Questions to implement an hunspell stemmer in Java

Next Topic
 
classic Classic list List threaded Threaded
4 messages Options
Reply | Threaded
Open this post in threaded view
|

Questions to implement an hunspell stemmer in Java

Frédéric Glorieux

Hi all,

Sorry for cross posting if some one read the same message on the users list.

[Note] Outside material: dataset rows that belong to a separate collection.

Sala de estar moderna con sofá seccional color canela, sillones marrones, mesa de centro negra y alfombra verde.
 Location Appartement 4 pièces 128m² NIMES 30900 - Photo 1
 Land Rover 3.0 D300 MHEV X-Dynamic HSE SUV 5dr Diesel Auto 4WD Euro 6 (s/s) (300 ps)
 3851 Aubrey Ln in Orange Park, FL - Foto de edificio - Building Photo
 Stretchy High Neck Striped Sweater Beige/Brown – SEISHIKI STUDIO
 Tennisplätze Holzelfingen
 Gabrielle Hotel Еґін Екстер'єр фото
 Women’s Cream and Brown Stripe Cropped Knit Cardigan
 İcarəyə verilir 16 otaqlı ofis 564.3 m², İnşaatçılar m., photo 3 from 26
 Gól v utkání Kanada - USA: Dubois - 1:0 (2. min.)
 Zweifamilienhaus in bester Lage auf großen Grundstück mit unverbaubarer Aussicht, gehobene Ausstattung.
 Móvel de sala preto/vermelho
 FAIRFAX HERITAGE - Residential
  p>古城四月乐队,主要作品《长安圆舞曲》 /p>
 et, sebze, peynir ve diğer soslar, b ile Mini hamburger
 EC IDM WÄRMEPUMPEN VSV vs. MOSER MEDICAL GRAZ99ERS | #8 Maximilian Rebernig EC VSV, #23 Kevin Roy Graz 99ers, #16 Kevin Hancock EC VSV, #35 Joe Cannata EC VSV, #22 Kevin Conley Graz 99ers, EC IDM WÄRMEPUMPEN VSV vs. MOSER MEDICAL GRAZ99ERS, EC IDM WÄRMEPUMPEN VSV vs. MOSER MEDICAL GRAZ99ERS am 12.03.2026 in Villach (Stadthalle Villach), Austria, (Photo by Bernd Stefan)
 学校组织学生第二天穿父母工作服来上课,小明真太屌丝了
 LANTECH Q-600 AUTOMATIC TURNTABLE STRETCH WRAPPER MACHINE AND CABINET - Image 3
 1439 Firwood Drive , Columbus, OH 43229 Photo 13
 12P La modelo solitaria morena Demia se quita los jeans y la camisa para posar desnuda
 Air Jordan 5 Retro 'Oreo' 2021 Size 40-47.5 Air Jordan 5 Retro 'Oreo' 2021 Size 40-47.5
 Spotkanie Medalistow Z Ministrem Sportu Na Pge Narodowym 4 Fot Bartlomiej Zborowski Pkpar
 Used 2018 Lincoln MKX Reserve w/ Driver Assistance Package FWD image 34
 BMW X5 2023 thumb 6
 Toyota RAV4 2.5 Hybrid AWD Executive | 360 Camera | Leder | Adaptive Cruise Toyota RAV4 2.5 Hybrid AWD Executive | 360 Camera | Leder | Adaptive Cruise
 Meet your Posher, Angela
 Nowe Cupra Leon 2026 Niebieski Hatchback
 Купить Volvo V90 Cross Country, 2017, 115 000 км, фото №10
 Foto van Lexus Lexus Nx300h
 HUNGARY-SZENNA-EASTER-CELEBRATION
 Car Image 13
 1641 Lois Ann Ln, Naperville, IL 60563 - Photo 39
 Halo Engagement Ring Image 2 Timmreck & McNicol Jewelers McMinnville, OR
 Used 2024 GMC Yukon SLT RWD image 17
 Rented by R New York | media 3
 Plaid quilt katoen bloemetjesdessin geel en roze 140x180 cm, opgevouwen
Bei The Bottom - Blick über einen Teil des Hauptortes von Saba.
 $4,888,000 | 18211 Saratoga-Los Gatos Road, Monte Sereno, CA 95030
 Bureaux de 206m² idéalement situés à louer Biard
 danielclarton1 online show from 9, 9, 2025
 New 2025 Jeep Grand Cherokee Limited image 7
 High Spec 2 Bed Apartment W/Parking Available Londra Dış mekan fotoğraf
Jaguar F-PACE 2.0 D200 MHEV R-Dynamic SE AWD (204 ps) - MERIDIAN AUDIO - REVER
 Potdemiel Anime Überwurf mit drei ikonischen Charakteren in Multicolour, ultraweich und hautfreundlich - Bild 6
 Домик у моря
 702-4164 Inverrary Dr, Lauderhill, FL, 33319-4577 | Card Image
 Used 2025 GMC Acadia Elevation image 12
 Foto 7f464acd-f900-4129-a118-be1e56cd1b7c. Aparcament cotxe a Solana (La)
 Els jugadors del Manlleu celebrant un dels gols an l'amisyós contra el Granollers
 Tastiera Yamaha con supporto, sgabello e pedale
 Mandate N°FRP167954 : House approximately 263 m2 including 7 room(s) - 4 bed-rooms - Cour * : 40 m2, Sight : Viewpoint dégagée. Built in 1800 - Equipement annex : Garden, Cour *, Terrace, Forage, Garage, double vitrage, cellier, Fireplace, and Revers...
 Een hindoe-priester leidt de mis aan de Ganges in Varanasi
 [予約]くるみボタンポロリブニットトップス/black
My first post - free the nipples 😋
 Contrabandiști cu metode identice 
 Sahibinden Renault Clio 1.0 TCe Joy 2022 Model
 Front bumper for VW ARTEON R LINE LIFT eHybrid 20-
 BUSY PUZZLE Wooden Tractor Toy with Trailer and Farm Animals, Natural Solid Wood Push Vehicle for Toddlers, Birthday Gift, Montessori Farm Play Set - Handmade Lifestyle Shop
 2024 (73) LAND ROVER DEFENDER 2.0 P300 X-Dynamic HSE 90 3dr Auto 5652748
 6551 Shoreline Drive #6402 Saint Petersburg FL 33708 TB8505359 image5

I'm working for european medieval languages (latin for now and soon :
old french, occitan). Searching in texts need stemming. I have
implemented a first working prototype of a Java stemmer, using huspell
dic and aff files, on medieval latin (code will of course be open
source). We started on the dict-la extension project
http://extensions.services.openoffice.org/project/dict-la (thanks a
lot). I have two questions I would be glad to solve in your way, to be
sure that lexical resources developped in our context could be also used
with hunspell. Sadly, I'm not able to read well C, so I have to ask
questions in (bad) English.

A first problem of medieval languages is to have no exact orthography.
For example, “philosophia”, “fylosofya”, “phylozofia”, and all the
possible combinations are right graphies, because these are the graphies
in the manuscript. Latin stems~lemmas in la.dic, if it's possible,
should be kept with their classical graphy, with "ph" for words coming
from greek (philosophia), but "f" for others (faber), same for "y"
(gymnasium, icon) and others. If I understood hunspell rightly, then,
"ph f" or "y i" should not be ICONV rules (unlike "æ ae, è e, ę e...").
I tried a while the idea of REP rules, but I was affraid of all possible
combinations, (y i, i y, z s, s z, ph f, f ph). In a spellchecker, it's
not a critic problem if the right word is not suggested, or if it takes
time, but for a stemmer, too much lookups is expensive. So I implement a
kind of PHONE rules. The code is working, but I'm not really proud of
what I done. First, I haven't really understood the aspell syntax,
sounding like a pre regex era like Porter snowball, so I conclude that I
will not be able to explain it to linguists. For now, to stay compatible
with hunspell, I'm only using simple substitutions (like REP rules)  "ph
f", sometimes verbose (bb b, cc c, dd d...). The implementation is also
a problem. How to apply rules ? I choose the easiest way to understand
for the rule writer, it's a sequence, a program. Real example : 1) ph f,
2) ch k, 3) h _  (strip 'h' after 'ph' and 'ch' resolution). What to do
with a PHONE result ? For now, I maintain a map of the dic file whith
phone reduction as a key, and stems~lemmas as values. Should I apply
phone rules to the affixes ? I should confess that I added the needed
affixes (ex: (ros)-ae=(ros)-e), faster than to code. Any advice are
welcome to find the best way to keep linguistic knowledge on medieval
latin in hunspell syntax.

Second problem, irregular verbs. Like for english (write, wrote,
written) latin (classical or medieval) has a lot (~3500) of irregular
verbs (ex: concedo, concessi, concessum). For the dic file I was able to
understand (in fact, english and latin) the solution was to open a dic
entry for the irregular verbal radical. It's surely perfect for a
spellchecker, but a big problem for stemming (searching for "concedo"
will not find "concessimus" because this form is stemed as "concessi").
The documentation seems to promote another approach, the optional data
fields
  sing al:sang al:sung
  sang st:sing
  sung st:sing
English affix files seems to not yet follow this syntax. Is it too early
to use it ? What could be broken ? For very irregular conjugation (ex:
la:sum, fr:être) common solution seems to open a dic line for each form.
But in latin, a verb like sum appears in different compound with very
different meaning. It's not a good idea to reduce "presentes" to the
stem "sum" by a "prae" (or "pre") suffix rule. Better approach seems to
keep complete conjugation of "sum" in affix rules. But,
is it still an hunspell limit to not allow complete strip of stem ? (ex
: "sum", "erat" ; "sum/." "SFX . sum erat sum").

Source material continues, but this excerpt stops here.